The leader of a group of professionals fighting against the passage of an anti-LGBTQ+ bill in Ghana, lawyer Akoto Ampaw, has stated that the populist approach being used in pursuit of LGBTQ+ criminalisation is a dangerous path for Ghana.

According to lawyer Ampaw, the basis of the bill which he and his group argue threatens the human rights of LGBTQ+ persons.

He, however, holds the view that such a justification for passing the bill into law sets the country on a dangerous path of precedent as it could prove fatal to the rights of any other minority group in the country going forward.

“The case is being made that the overwhelming majority of Ghanaians do not like gays and therefore there should be a law against them. But we are saying that look, we are treading a very slippery road because if the view of Ghanaians is that anything that the overwhelming majority do not like should be criminalized, it means that the constitution has no place.”

And it means that today, a small minority group like the LGBTQ have been targeted and their very existence criminalized.
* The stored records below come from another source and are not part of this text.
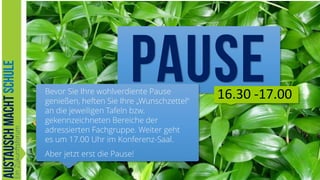 Bevor Sie Ihre wohlverdiente Pause
genießen, heften Sie Ihre „Wunschzettel“
an die jeweiligen Tafeln bzw.
gekennzeichneten Bereiche der
adressierten Fachgruppe. Weiter geht
es um 17.00 Uhr im Konferenz-Saal.

16.30 -17.00

Aber jetzt erst die Pause!
.Austausch-macht-Schule.org

23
Tomorrow, God forbid it could be some small religious group that people don’t like, they will criminalise them contrary to the constitution. The next day it will be other minorities in the society,” he stated on GTV’s Breakfast Show monitored by GhanaWeb.

Background

Parliament is expected to discuss a Private Member’s bill submitted by some eight MPs.

The 38-page bill before parliament, among other things, stipulates that, people of the same sex who engage in sexual intercourse are “liable on summary conviction, to a fine of not less than seven hundred and fifty penalty units and not more than five thousand penalty units, or to a term of imprisonment of not less than three years and not more than five years or both.”

The Bill targets persons who “hold out as a lesbian, a gay, a transgender, a transsexual, a queer, a pansexual, an ally, a non-binary or any other sexual or gender identity that is contrary to the binary categories of male and female.”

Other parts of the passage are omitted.